Edge, the onine community of “third culture” advocates (the “third culture” is meant to be a bridge of sorts between traditional science and the humanities — in practice, it is largely an invasion of traditionally humanist concerns by scientifistic methods and theories), has released their Annual Question: “What is your dangerous idea?”. Last year’s question, “What do you believe is true even though you cannot prove it?” produced some really great musings on the nature of science and knowledge, but despite my respect for many of the participants (though I admit that Stephen J. Gould’s presence at Edge is sorely missed), after having dipped into a random-ish sample of contributions, I find this year’s contributions somewhat predictable and even humdrum.
Of course, as far as I can tell, there’s no anthropologists on Edge’s “council” of scientific thinkers (I may have missed one or two — there’s a lot of people associated with Edge), and the handling of culture overall tends to be a little sloppy, with a lot of reductionism and not a lot of nuance. Which is maybe why it makes sense that Steven Pinker would think his contribution — “Groups of people may differ genetically in their average talents and temperaments” — might actually be a dangerous idea. Pinker notes that ideas relating to sex and race differences are widely perceived to be dangerous, citing for example the villification of Harvard president Larry Summers after last year’s comments on women’s under-representation in the sciences. However, I don’t find this to be a very dangerous idea at all — an uncomfortable one, perhaps, but one that most people hold to some degree or other. I would consider dangerous an idea whose ramifications had the potential to drastically alter the way society is structured, and I don’t see that the assumption of innate differences between groups would have that effect. Given the centrality of such assumptions in the history of the modern world, I think it’s fair to say that Pinker’s “dangerous idea” fits quite comfortably with the status quo — it is after all the idea that many of our social institutions are built on.
In fact, I think a far more dangerous idea is that people do not differ genetically on a group basis, at least not in any significant way.
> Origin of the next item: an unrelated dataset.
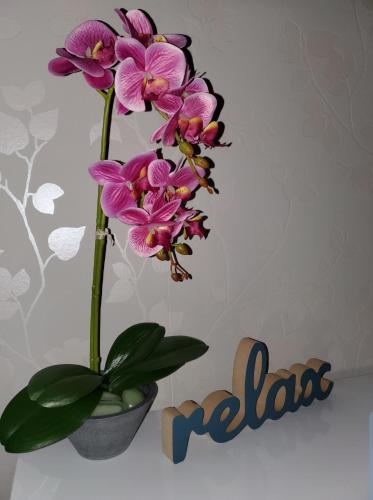 Zlatibor Hills Royal - image 6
Of course, I side with the effort Pinker dismisses with his straw man description of those who would “reengineer” the “intellectual landscape” to rule out hypotheses about race, intelligence, innate predelictions, and so on a priori. But consider the ramifications of an absolute equality of talent, potential, temperament across the human species: if all humans are innately equal in their potential to succeed and to make meaningful contributions to their societies, then the fact of poverty, of small-mindedness, of difference itself has to be explained as cultural, which is to say it has to be considered as something that we create ourselves. The infant with the potential to become a great doctor, physicist, peace activist, parliamentarian, anthropologist, designer, artist, parent, urban planner, minister, author, friend, diplomat, geologist, therapist, singer, gardener, athlete, or diviner but instead ends up dead at 18 of drug overdose or gang shooting or collateral damage or murder conviction or disease or suicide bombing or knife fight or suicide or car accident is our collective fault. And if we are serious about the commitment to “political equality”, to “universal human rights, and to policies that treat people as individuals rather than representatives of groups” as Pinker claims to be, then the ramifications of the prospect that differences in station cannot be attributed to differences in biological makeup implies a radical restructuring of our societies, institutions, and thought patterns. And if we are not committed to equality on these terms, it implies an ever-increasing dissonance between the ethical precepts that supposedly guide our social and institutional efforts and the reality we embrace, or the outright abandonment of those precepts.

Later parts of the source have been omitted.